Computes gradients for a given mini-batch.

data_loader(arg, opts \\ [])

Creates a data loader that yields mini-batches from a dataset.

evaluate(model, arg, track_accuracy \\ false)

Evaluates a model on a dataset.

fit(model, arg, opts \\ [])

Trains a model on the given dataset.

profile_step(model, arg, opts \\ [])

Profiles a single training step, returning detailed timing for each phase.

train_step(model, arg, opts \\ [])

Performs a single training step: forward + backward + optimizer update.

Types

callback()

@type callback() :: (map() -> map())

dataset()

@type dataset() :: {Nx.Tensor.t(), Nx.Tensor.t()}

lr_schedule()

@type lr_schedule() ::
  {:step, float(), pos_integer(), float()}
  | {:exponential, float(), float()}
  | {:cosine, float(), float()}
  | nil

model()

@type model() :: ExBurn.Model.t()

training_opts()

@type training_opts() :: [
  epochs: pos_integer(),
  batch_size: pos_integer(),
  shuffle: boolean(),
  validation_data: dataset() | nil,
  callbacks: [callback()],
  verbose: boolean(),
  lr_schedule: lr_schedule(),
  clip_norm: float() | nil,
  clip_value: float() | nil,
  weight_decay: float() | nil,
  accumulate_gradients: pos_integer(),
  accuracy: boolean(),
  nesterov: boolean(),
  warmup: pos_integer()
]

Functions

compute_gradients(model, arg, opts \\ [])

@spec compute_gradients(model(), dataset(), keyword()) :: map()

Computes gradients for a given mini-batch.

Supports multiple gradient computation methods via the :grad_method option:

:numerical — Central finite differences (default, slow but general)
:numerical_batch — Numerical gradients computed on the full batch at once (more efficient, fewer forward passes)

Parameters

model — The current model state
batch — A {inputs, targets} tuple
opts — Options list

Options

:grad_method — Gradient computation method (default: :numerical)
:epsilon — Finite difference step size (default: 1.0e-5)

Returns

A map of {param_key => gradient_tensor}.

data_loader(arg, opts \\ [])

@spec data_loader(
  dataset(),
  keyword()
) :: Enumerable.t()

Creates a data loader that yields mini-batches from a dataset.

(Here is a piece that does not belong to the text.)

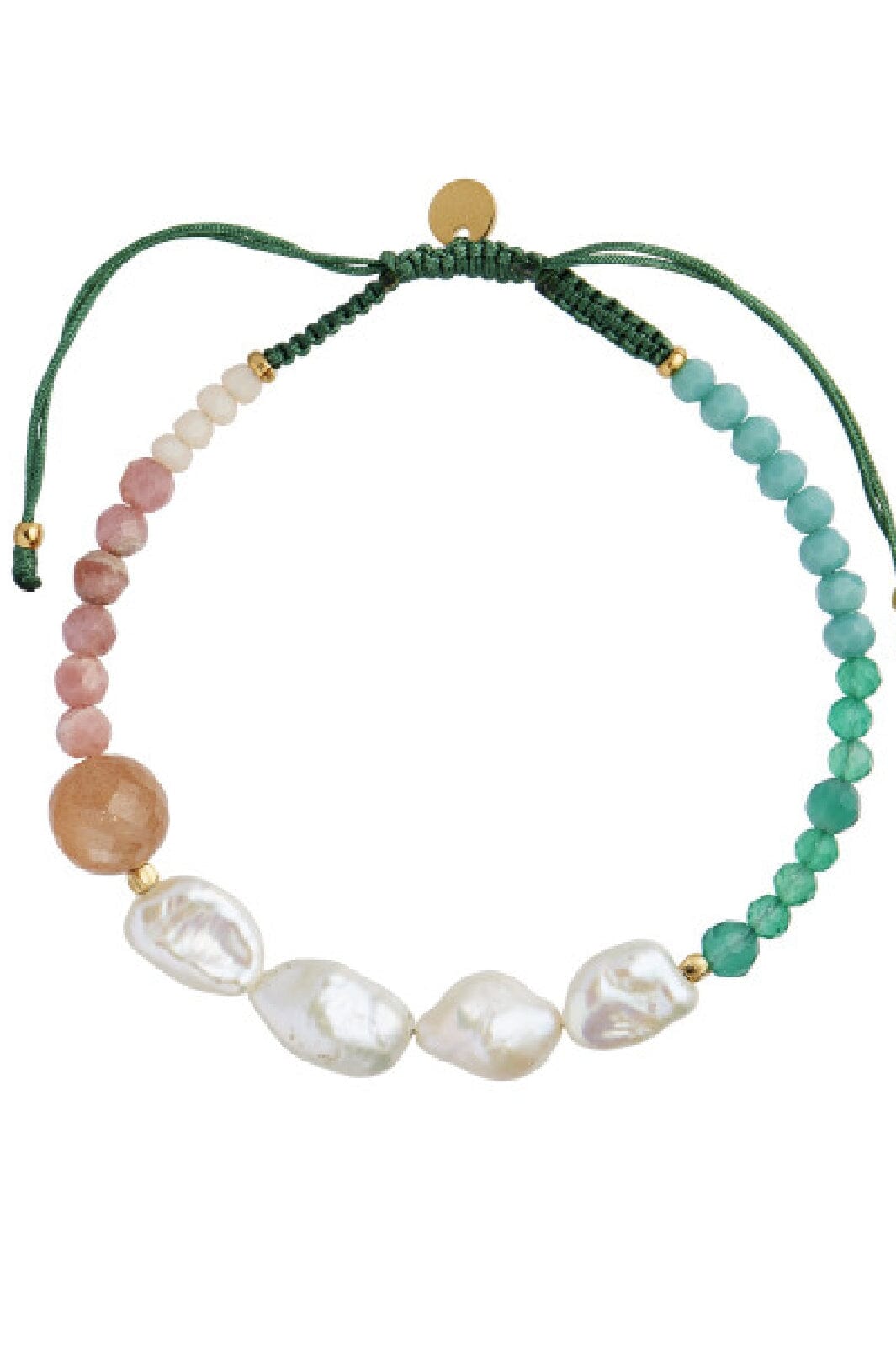 Stine A - Powder Fall Bracelet With Stones And Pearls And Pine Green Ribbon - 3199-02-Os Armbånd 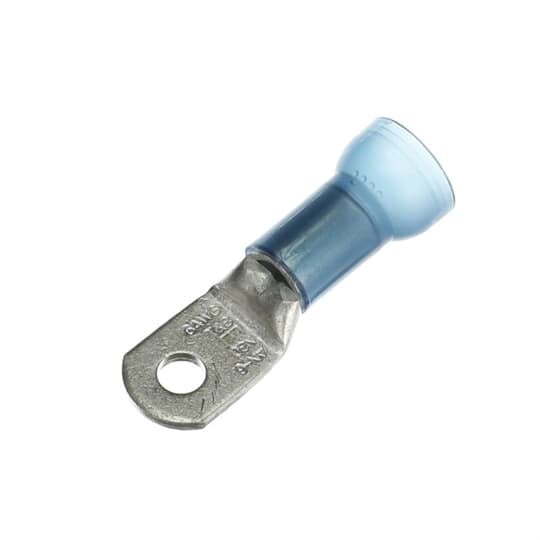 Nylon Insulated Large Ring Terminal, Length 1.65 Inches, Width .49 Inches, Maximum Insulation .420, Bolt Hole #10, Wire Range 6, Color Blue, Copper, Tin Plated, 200 Pack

evaluate(model, arg, track_accuracy \\ false)

@spec evaluate(model(), dataset(), boolean()) :: float() | {float(), float() | nil}

Evaluates a model on a dataset.

Returns the average loss over the entire dataset. When track_accuracy is true, returns {loss, accuracy} where accuracy is a float or nil if the loss function is not cross_entropy.

fit(model, arg, opts \\ [])

@spec fit(model(), dataset(), keyword()) :: model()

Trains a model on the given dataset.

Options

:epochs — Number of training epochs (default: 10)
:batch_size — Mini-batch size (default: 32)
:shuffle — Shuffle training data each epoch (default: true)
:validation_data — Validation dataset as {inputs, targets} tuple
:callbacks — List of callback functions called after each epoch
:verbose — Print training progress (default: true)
:lr_schedule — Learning rate schedule (default: nil)
:clip_norm — Max gradient norm for clipping (default: nil)
:clip_value — Max absolute gradient value for clipping (default: nil)
:weight_decay — L2 regularization coefficient (default: nil)
:accumulate_gradients — Number of mini-batches to accumulate before an optimizer step, effectively multiplying batch size (default: 1)
:accuracy — Compute and report classification accuracy (default: false)
:nesterov — Use Nesterov momentum for SGD optimizer (default: false)

Returns

The trained ExBurn.Model struct with updated parameters.

profile_step(model, arg, opts \\ [])

@spec profile_step(model(), dataset(), keyword()) :: map()

Profiles a single training step, returning detailed timing for each phase.

Useful for identifying bottlenecks in the training pipeline.

Parameters

model — The current model state
batch — A {inputs, targets} tuple
opts — Options (same as train_step/3)

Returns

A map with :forward_ms, :backward_ms, :optimizer_ms, :total_ms.

Example

profile = ExBurn.Training.profile_step(model, batch)
IO.puts("Forward: #{profile.forward_ms}ms, Backward: #{profile.backward_ms}ms")

train_step(model, arg, opts \\ [])

@spec train_step(model(), dataset(), keyword()) :: {float(), model()}

Performs a single training step: forward + backward + optimizer update.

This is a public API for custom training loops. It processes a single mini-batch and returns the updated model along with the loss value.

Parameters

model — The current model state
batch — A {inputs, targets} tuple for one mini-batch
opts — Options (same as fit/3 for clip_norm, clip_value, weight_decay)

Returns

{loss, updated_model} where loss is a float.